Le blog de Chut !
(Attention, texte très explicite)
Gabriel sort un plat cuisiné du frigo. Délicate attention de sa femme, qui sait que ses compétences culinaires s’arrêtent aux œufs au plat carbonisés. Il prend une assiette, un verre, des couverts, les dispose sur la table du salon. Les regarde. Se ravise.
Pourquoi s’embêter avec la corvée de vaisselle ? Puisqu’Alice n’est pas là, il peut se laisser pendre la bride sur le cou, rompre avec le protocole un peu guindé de leurs dîners.
Pour une fois, pour deux jours, ne plus rien préparer, ne plus rien prévoir, ne plus mettre les petits plats dans les grands. Aux orties, les cuillères en argent ouvragé, aux chiottes, le service en porcelaine de mémé.
Ce soir, Gabriel veut manger avec les doigts, parce que ça lui chante. Enlever ses chaussures, dénouer sa cravate, se débarrasser de son costume. Enfiler un caleçon trop large pour s’aérer les couilles, en voilà une bonne idée.

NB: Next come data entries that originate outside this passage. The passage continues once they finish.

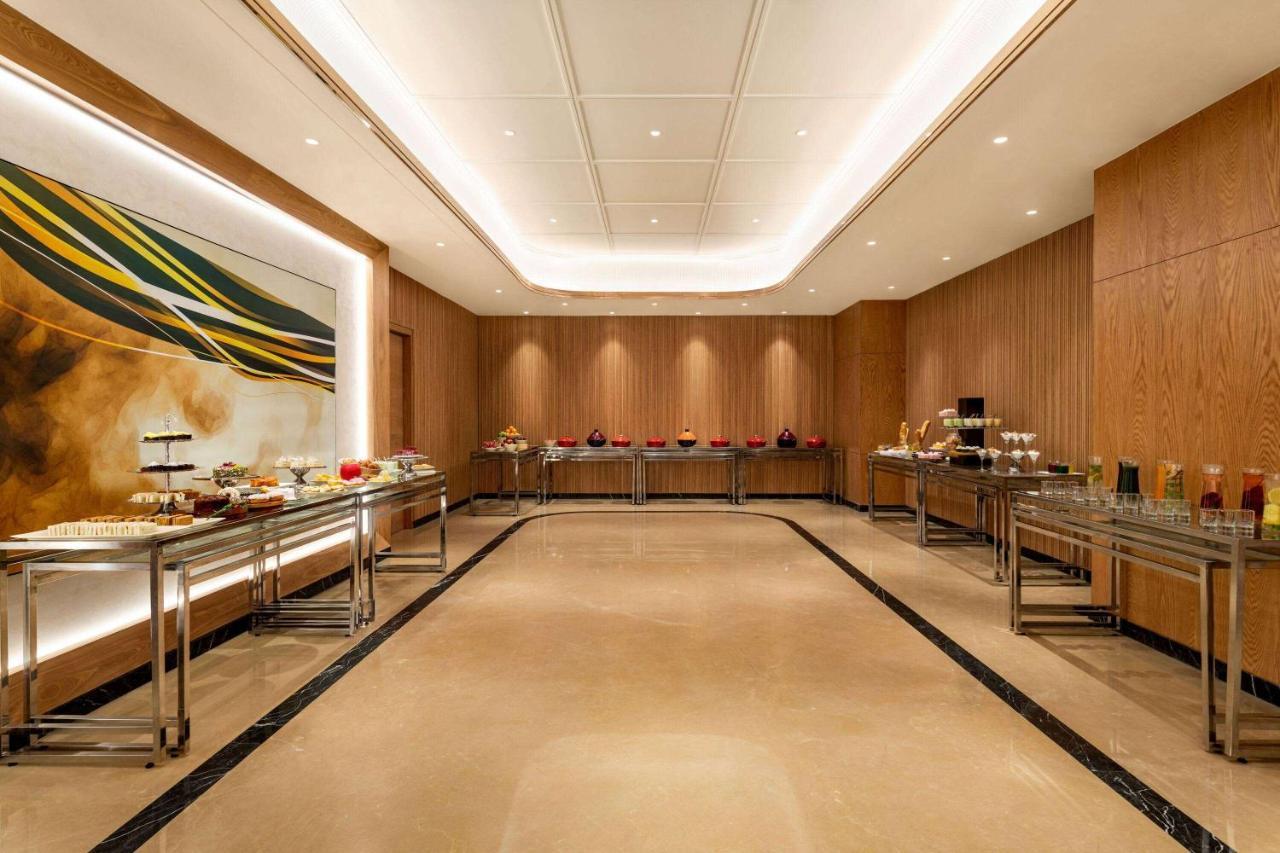 Ramada Encore By Wyndham Indore Nipania Kültér fotó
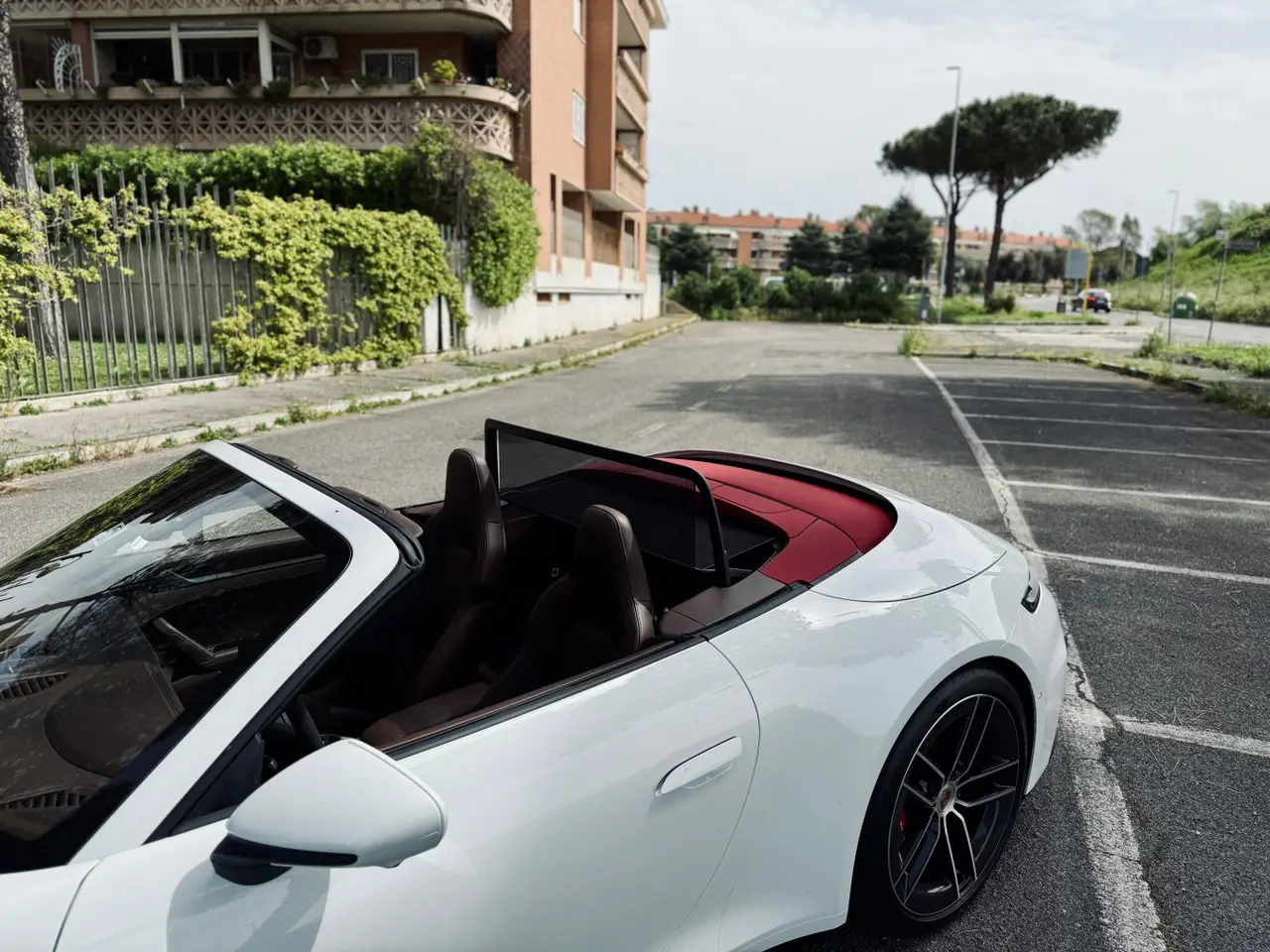 Porsche 992.2 Carrera 4 GTS Cabrio 2025, esterno — Priveo Cars, Europa. Porsche 992.2 Carrera 4 GTS Cabrio 2025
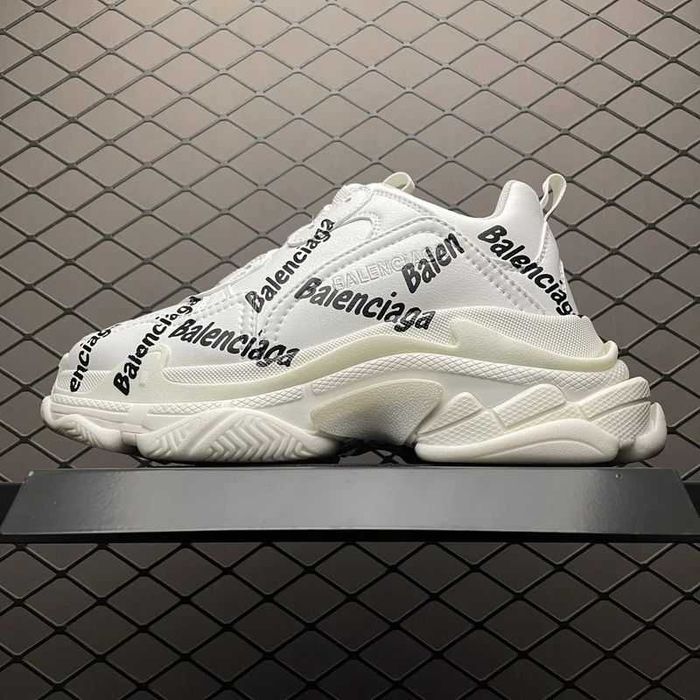 Balenciaga Triple S - Black/White/Cream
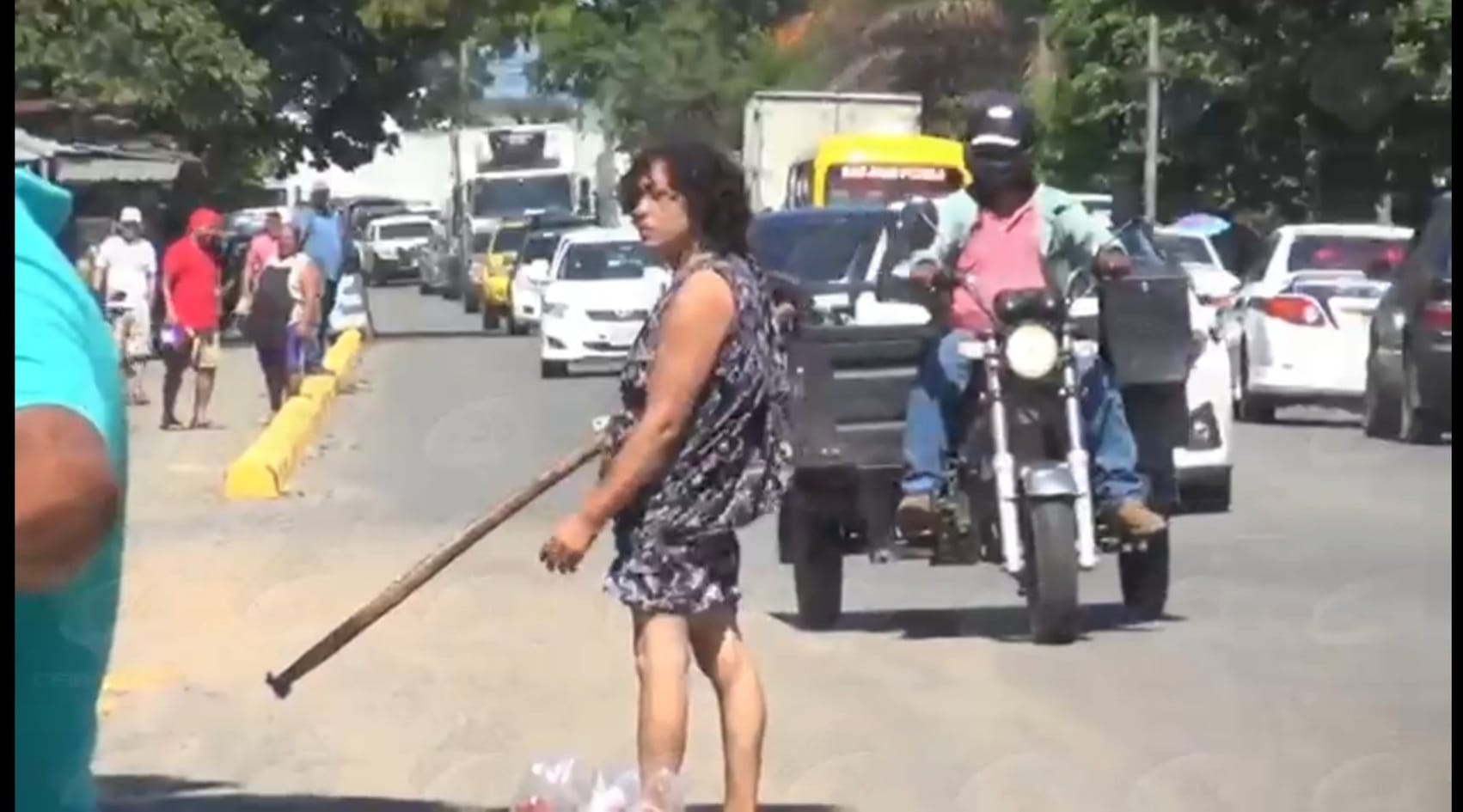 La mujer provocaba daños con un palo que cargaba. Foto: Redes sociales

Ou ne pas mettre de caleçon du tout, en voilà une meilleure.
Et quitte à glisser sur la pente de la révolte, autant reprendre à Alice l’espace qu’il lui cède au quotidien, déranger ses livres, pousser ses dossiers, investir son bureau, réquisitionner son ordinateur ; enlever ses produits de la salle de bains, décrocher sa nuisette en coton, la fourrer dans le panier à linge sale, renifler ses collants, lécher ses petites culottes.
Oui, ce soir, Gabriel est décidé à profiter d’une des rares choses qui ne s’use pas à mesure que l’on s’en sert : sa liberté.
Vautré sur le tapis, la télé réglée à plein volume, il engloutit le gratin à même la barquette. La repose rassasié sur le plancher en chêne massif, sans se soucier des traces de graisse. Enfin un peu de travail pour Lucia, leur femme de ménage… Ça la changera.
Il zappe d’une chaîne à l’autre. Devant ses yeux coule un flot ininterrompu de publicités, d’images bariolées, de répliques sans suite. Il s’arrête sur une émission plus idiote que les autres. Sur un plateau en forme de navet géant, un présentateur cuisine une brochette de stars sur le retour. Ses blagues éculées, saluées par les hurlements du public, leur arrachent de pauvres sourires. On dirait que, victimes de ce guet-apens audiovisuel, elles s’excusent d’être là, forcées d’acquiescer au tir d’imbécillités qui les bombarde. Gabriel, lui, rit à gorge déployée en imaginant la moue de sa femme. Elle ne goûterait ni ces grasses plaisanteries ni cette humiliation publique, c’est certain.
Il tend la main pour éteindre la télé, mais suspend son geste. Une invitée traverse le plateau à pas menus. Starlette en perte de vitesse, chanteuse en disette de tubes, actrice en manque de séries B ? Aucune idée, il ne l’a jamais vue. Mieux, il s’en fout. C’est à ses vêtements qu’il s’intéresse, ou plutôt à sa minijupe noire qui réverbère l’éclat des spots.
Sans crier gare, des sensations d’enfance resurgissent.
La matière de ses bottes d’enfant, d’abord. Le contact chaud, vivant du plastique quand il tirait dessus pour les enfiler ; leur caresse sensuelle contre ses mollets nus ; leur chuintement lorsqu’en marchant, elles frottaient l’une contre l’autre.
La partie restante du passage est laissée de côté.